Andrew McCreight [:mccr8]

Assignee

Comment 18

•

11 years ago

The base revision is this: https://hg.mozilla.org/try/rev/7f5a8526b55a I did add some printing, too, so I guess that could cause a problem. I'll try a cleaner push and see what happens there. 7.57 still sounds like it is a regressed value. > just click on the 's' on tbpl and the details panel below has the score, For Win7 it is 7.57. Hmm. I don't see that for some reason. When I click on the 's', I see "TinderboxPrint: mozharness_revlink: https://hg.mozilla.org/build/mozharness/rev/8b81f2f286de" and some datazilla links, but not that. It looks like I can search in log for "process_Request line: tart" to get the results, though.

Andrew McCreight [:mccr8]

Assignee

Comment 19

•

11 years ago

I did a new clean push: https://tbpl.mozilla.org/?tree=Try&rev=d3b580d8dacd This is against revision 93e03b8c127e.

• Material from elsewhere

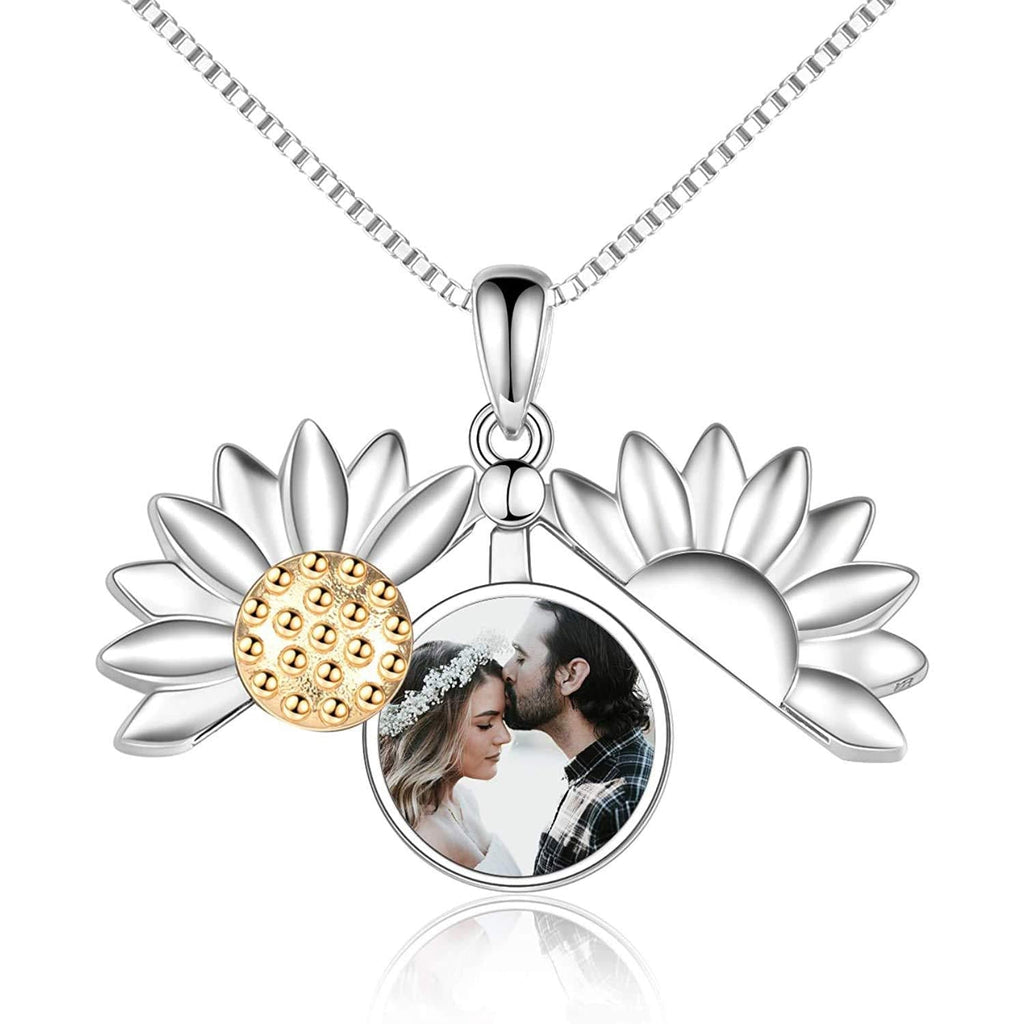 [Australia] - Sterling Silver Sunflower Locket Necklace You Are My Sunshine Engraved Pendant Necklaces Anniversary Jewelry for Her Asymmetrical Photo Locket Silver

Joel Maher ( :jmaher ) (UTC -8)

Reporter

Comment 20

•

11 years ago

with the clean push, this is posting a TART score of 7.48->7.92 (really 7.51 if you ignore the 7.92 outlier). what branch is 93e03b8c127e on? m-c? We have had some tart regressions lately: http://graphs.mozilla.org/graph.html#tests=[[293,94,25]]&sel=none&displayrange=30&datatype=running I believe you are based of m-c from May 12th, that has value of 8.0 for tart, so if you are posting 7.5 then we are seeing a win!

Andrew McCreight [:mccr8]

Assignee

Comment 21

•

11 years ago

Yeah, this is the revision I was comparing to: https://tbpl.mozilla.org/?rev=93e03b8c127e ICC disabled: 7.92, 7.51, 7.54, 7.48 ICC enabled: 8.28, 8.36, 8.04 So this confirms that we're still seeing a regression with ICC enabled. One change ICC makes is that we schedule CCs sooner after GCs, even when the CCs are short, so this can potentially cause us to do slightly more GCs and CCs. I'll see if changing that helps.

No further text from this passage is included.